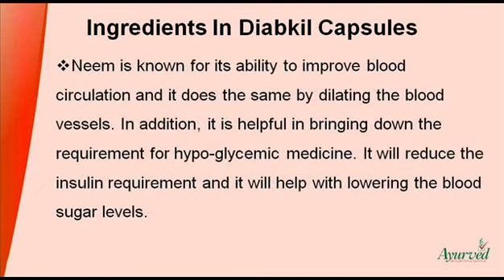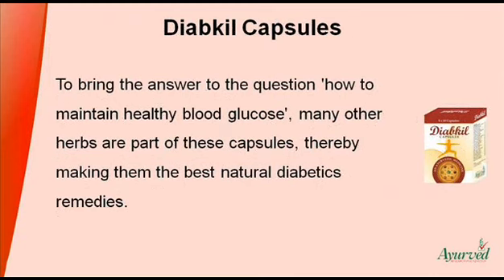Neem is known for its ability to improve blood circulation, and it does the same by dilating the blood vessels. In addition, it is helpful in bringing down the requirement for hypoglycemic medicine. It will reduce the insulin requirement and it will help with lowering the blood sugar levels. To bring the answer to the question of how to maintain healthy blood glucose, many other herbs are part of these capsules, thereby making them the best natural diabetics remedies.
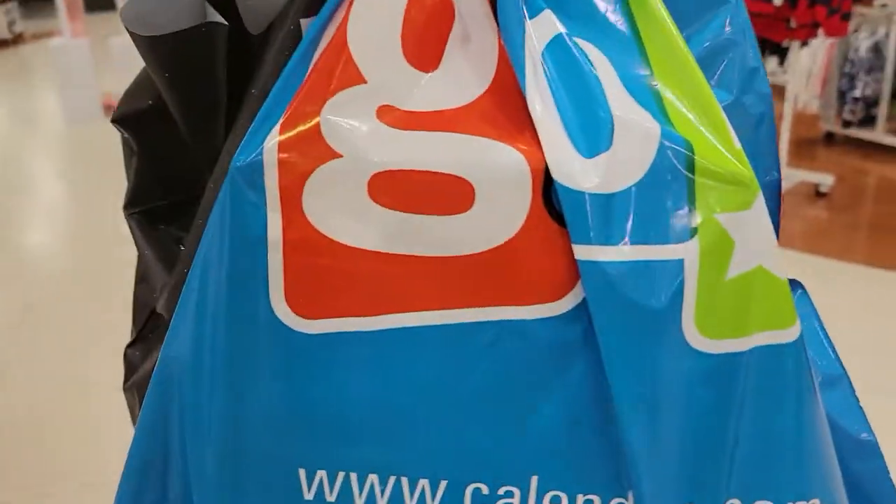Hey YouTube, it's your boy Rook here on a very unexpected toy hunt. Wasn't even expecting to do a toy hunt today, but I went out to a local mall and came across a couple very interesting things. I even picked up some really cool products. We've spent a bag here — got some stuff at Hot Topic and a place called GoToys.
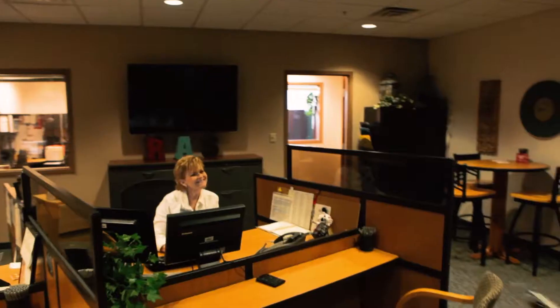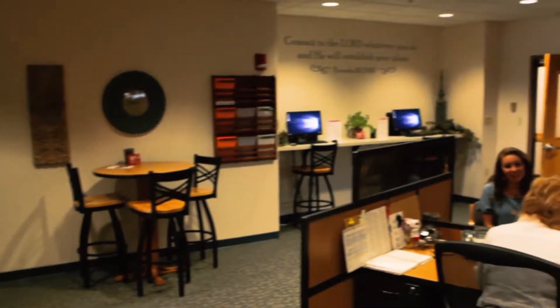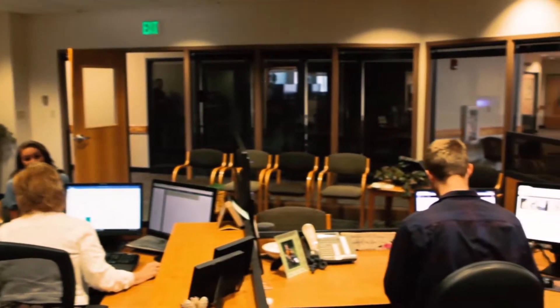Welcome to campus. Registration and Academic Services is excited to have you here. We are located in the Barnes Student Center above McCann Coffee Company. We are the office that will work alongside you as you go through your academic journey to reach graduation. We had the opportunity to meet some of you this summer and we're excited to keep working with you as you head through your time here.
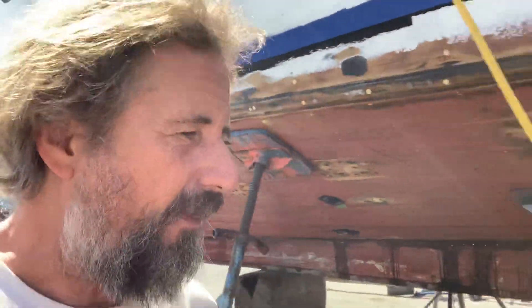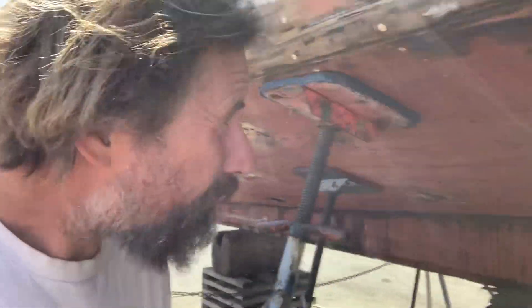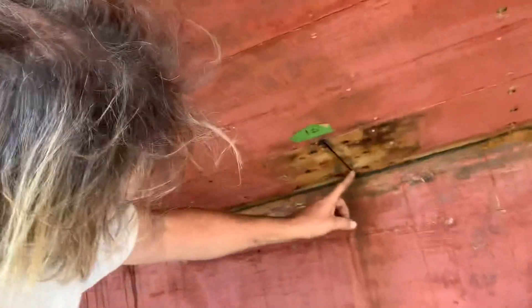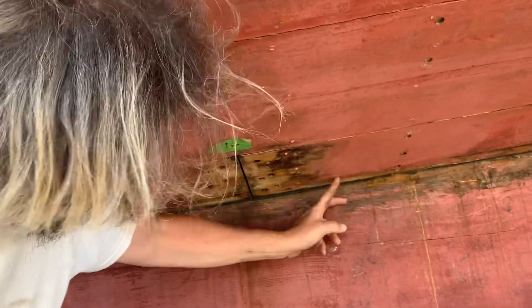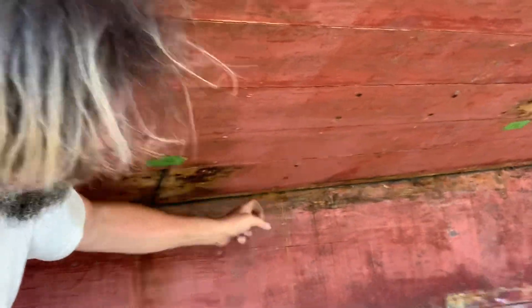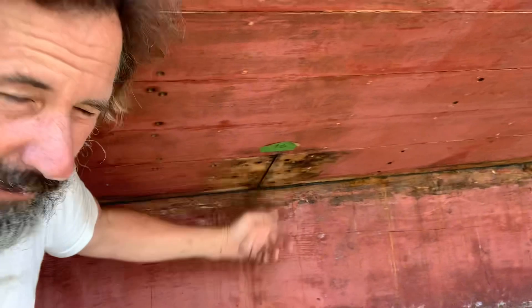I've designed it all and figured out where the butt blocks are going to go. The aft butt block, which is right here, I won't actually stop here — I'll come one frame further aft, of course, so that the end of the existing plank, which is in excellent condition, won't have existing Swiss cheese holes in it. I'm pretty happy about that.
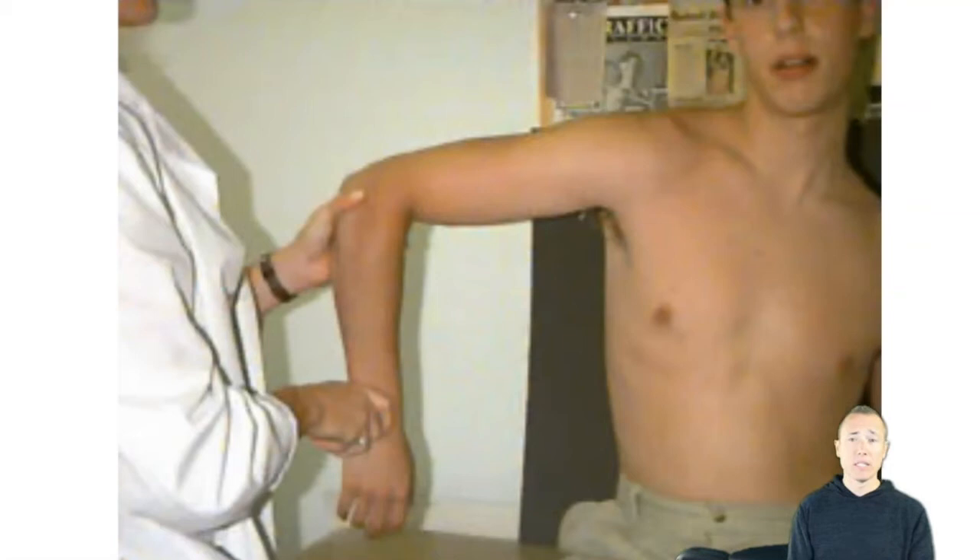Sometimes you'll see passive ranges of motion that are lost in certain ranges but not others. If it really hurts in one position but is fine in another, I'll lean toward an external component — maybe a specific muscle or ligament. But when the capsule has synovitis and is developing fibrosis, it's everything — it doesn't matter what range of motion they're in, they can't get into those ranges.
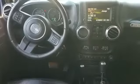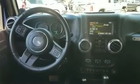Auxiliary input, aluminum wheels. This is a top-rated dealer — make an appointment today to test drive this popular model.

_Work required:_
An exact transcription is needed of the lines from the one with "Welcome to campus." to the one with "I've designed it" above, both ends included, with pictures left out.

_Answer space:_
Welcome to campus. Registration and Academic Services is excited to have you here. We are located in the Barnes Student Center above McCann Coffee Company. We are the office that will work alongside you as you go through your academic journey to reach graduation. We had the opportunity to meet some of you this summer and we're excited to keep working with you as you head through your time here.
I've designed it all and figured out where the butt blocks are going to go. The aft butt block, which is right here, I won't actually stop here — I'll come one frame further aft, of course, so that the end of the existing plank, which is in excellent condition, won't have existing Swiss cheese holes in it. I'm pretty happy about that.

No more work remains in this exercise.